All of the entries below need repeating exactly, apart from their images.

*** EXERCISE MATERIAL ***

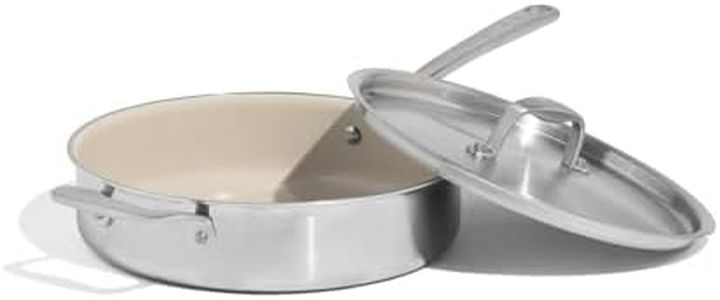 Made In Cookware - 3.5 QT Ceramic Non Stick Saute Pan with Lid - 5-Ply Stainless Clad with Stay-Cool Handle - Professional Cookware - Crafted in Italy - Induction Compatible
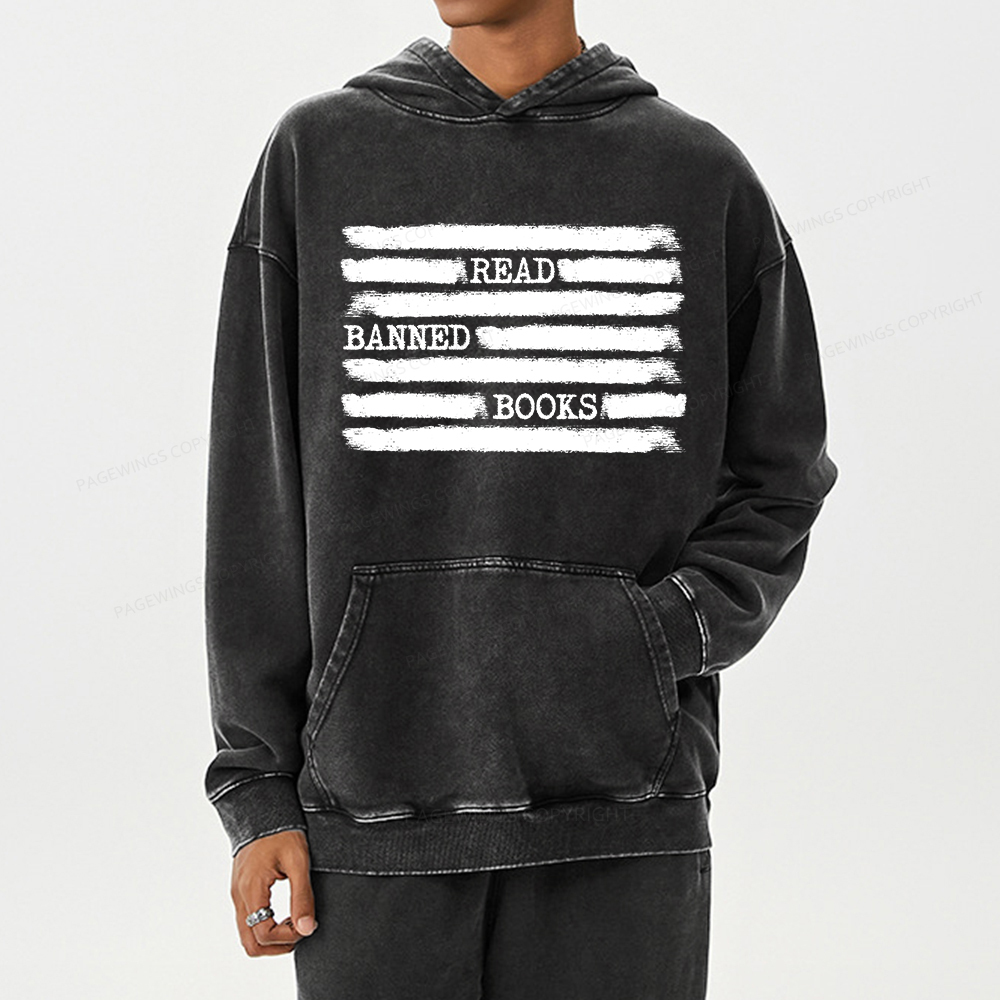 Pagewing Read Banned Books Bookworm Librarian Unisex Washed Hoodie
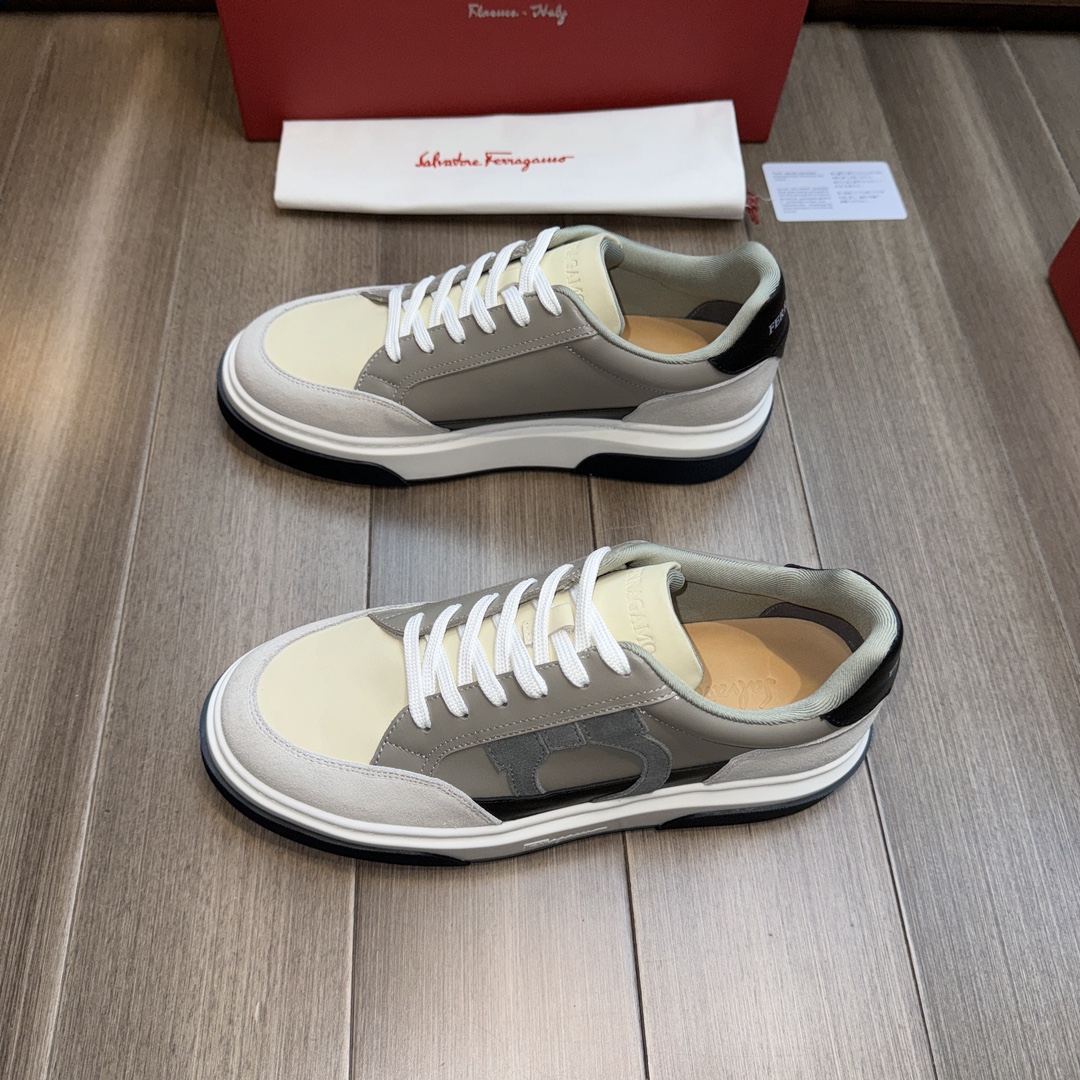 Ferragamo Suede Leather Low-Top Sneakers Grey/White/Black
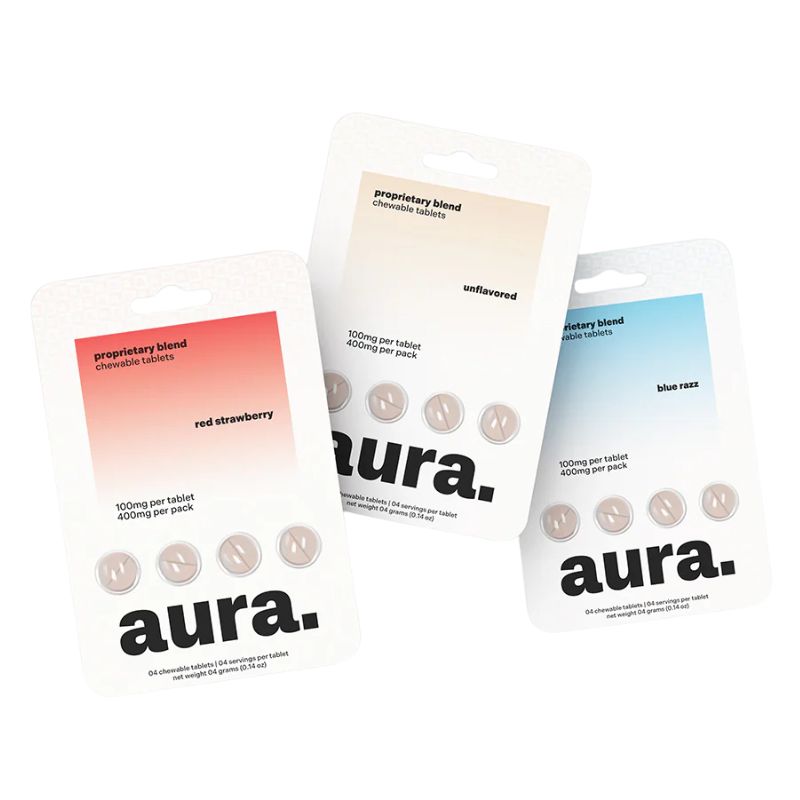 Aura. Proprietary Blend Kratom Chewable Tablets | 100mg Per Tablet | 4ct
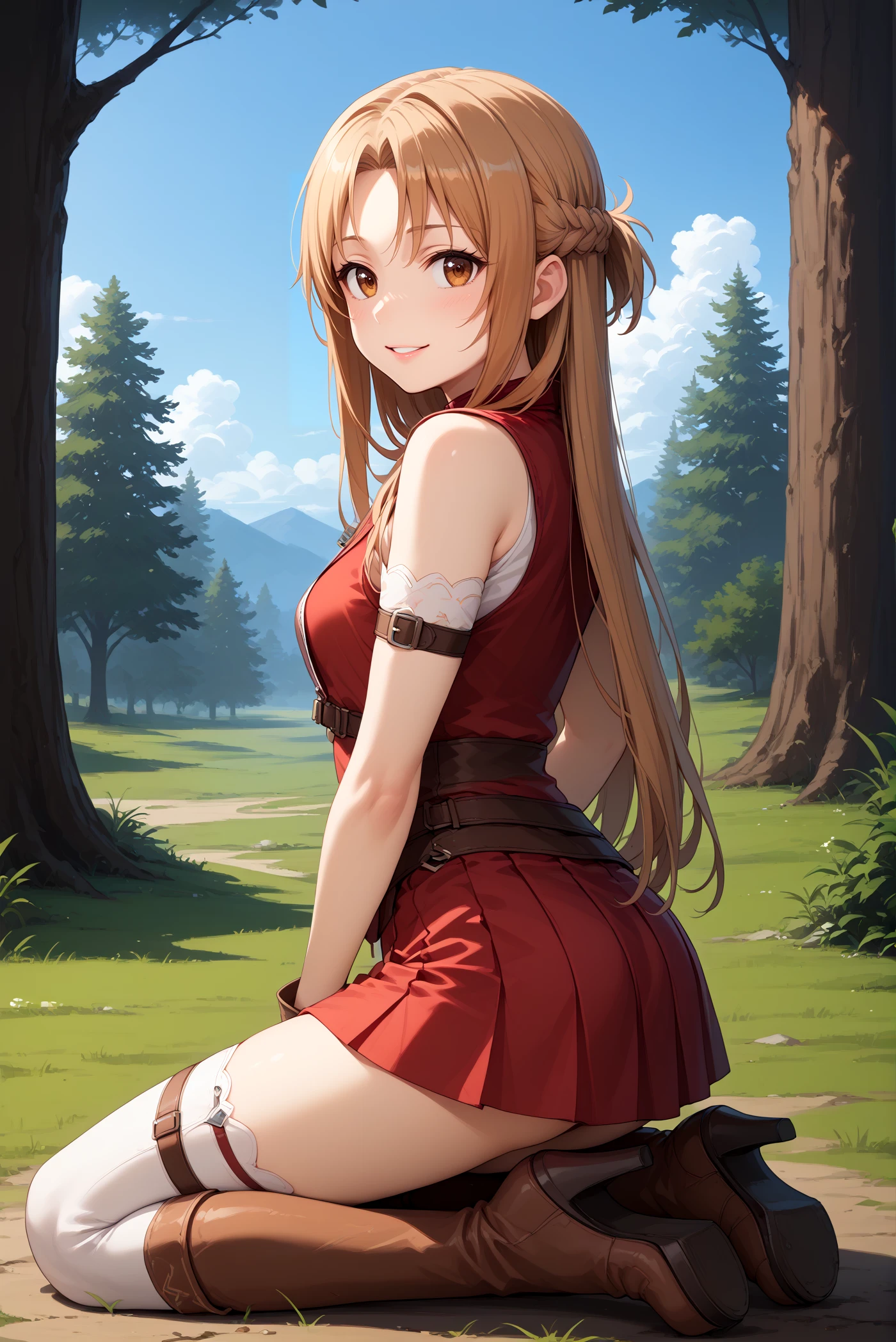 score_9, score_8_up, score_7_up, score_6_up,
<lora:P-Asuna:1> 4sun4, lrm0r, 1girl, solo, long hair, brown hairs, brown eyes, braid,
red vest, bottomless, red skirt, white thighhighs, 
<lora:cl-thighboots:0.2>, leather boots, platform boots, thigh boots, high heels, (zipper:0.9),
small breasts, from behind, ass, kneeling, seductive smile, eyelashes, parted lips, thigh gap, 
forest background, blue sky, clouds, tree,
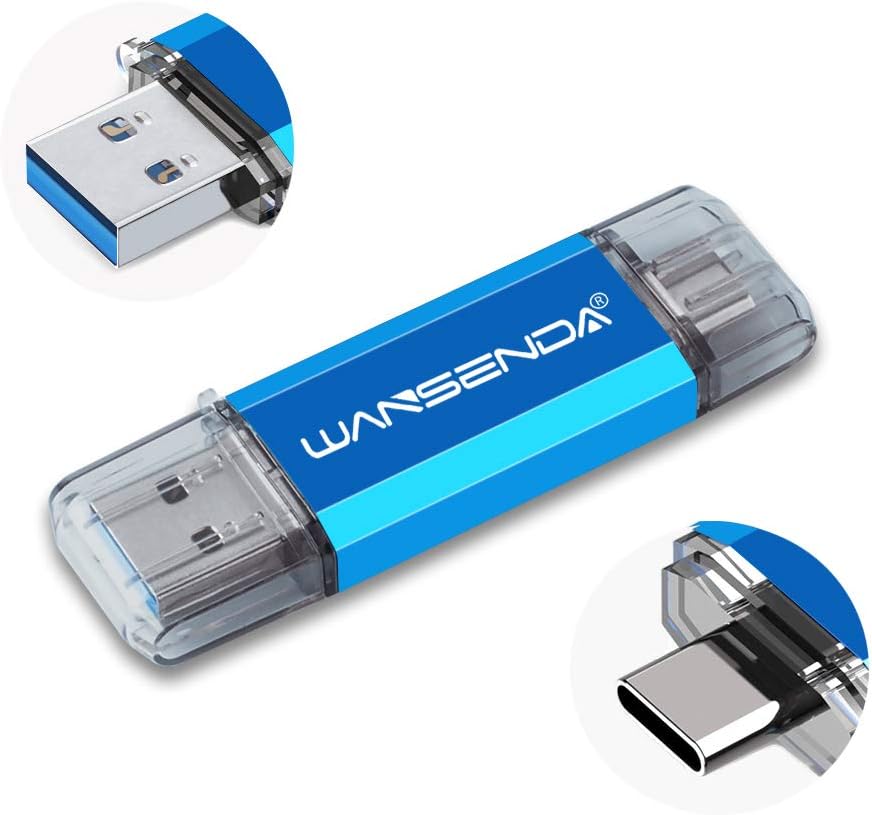 Wansenda128GB USB C Flash Drive 2 in 1 Thumb Drive, OTG USB 3.0 & Type-C Photo Memory Stick for Android Devices/PC/Mac (128GB, Blue)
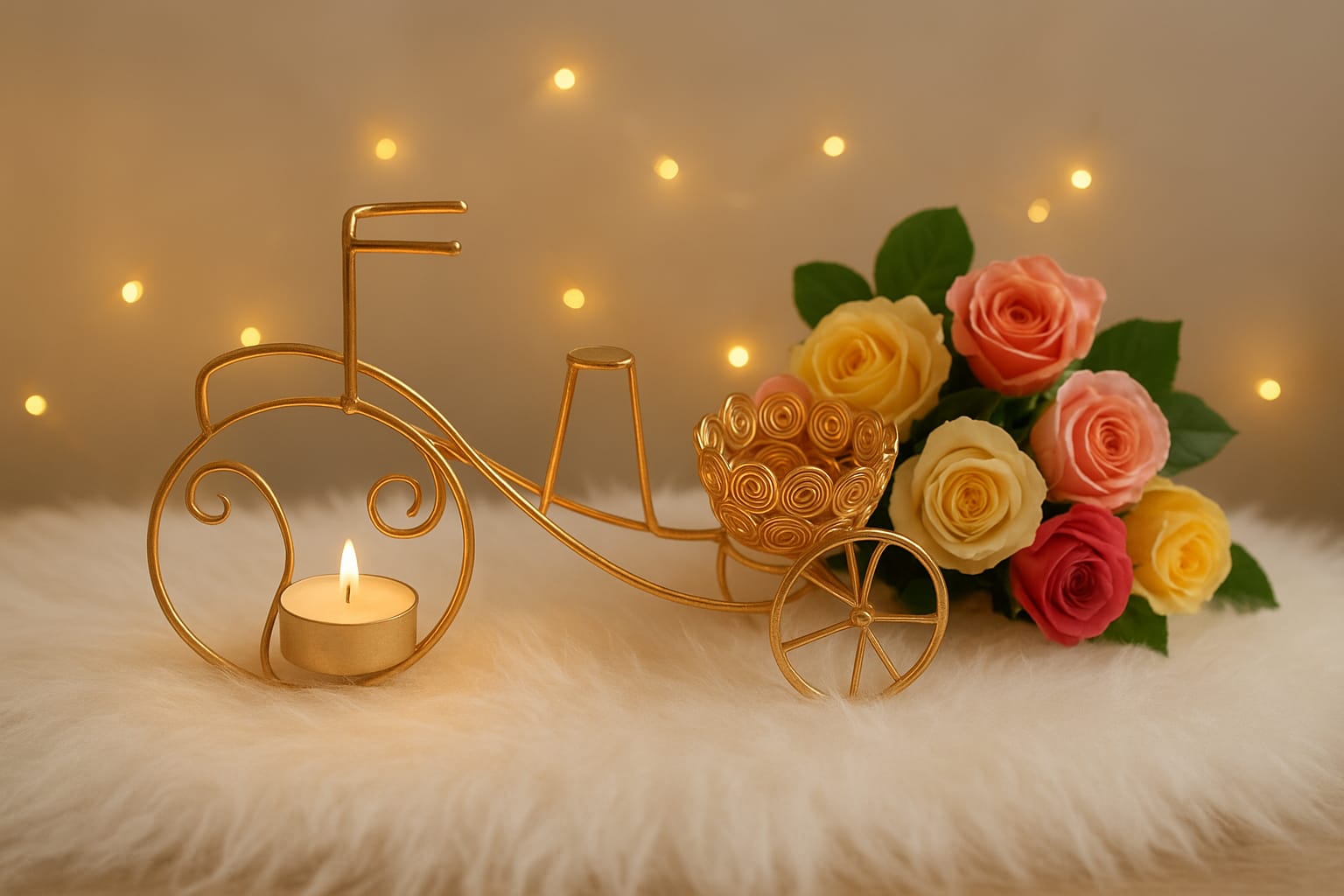 Golden Bicycle Tealight Holder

***

▸ TASK RESULT:
 Made In Cookware - 3.5 QT Ceramic Non Stick Saute Pan with Lid - 5-Ply Stainless Clad with Stay-Cool Handle - Professional Cookware - Crafted in Italy - Induction Compatible
 Pagewing Read Banned Books Bookworm Librarian Unisex Washed Hoodie
 Ferragamo Suede Leather Low-Top Sneakers Grey/White/Black
 Aura. Proprietary Blend Kratom Chewable Tablets | 100mg Per Tablet | 4ct
 score_9, score_8_up, score_7_up, score_6_up,
<lora:P-Asuna:1> 4sun4, lrm0r, 1girl, solo, long hair, brown hairs, brown eyes, braid,
red vest, bottomless, red skirt, white thighhighs, 
<lora:cl-thighboots:0.2>, leather boots, platform boots, thigh boots, high heels, (zipper:0.9),
small breasts, from behind, ass, kneeling, seductive smile, eyelashes, parted lips, thigh gap, 
forest background, blue sky, clouds, tree,
 Wansenda128GB USB C Flash Drive 2 in 1 Thumb Drive, OTG USB 3.0 & Type-C Photo Memory Stick for Android Devices/PC/Mac (128GB, Blue)
 Golden Bicycle Tealight Holder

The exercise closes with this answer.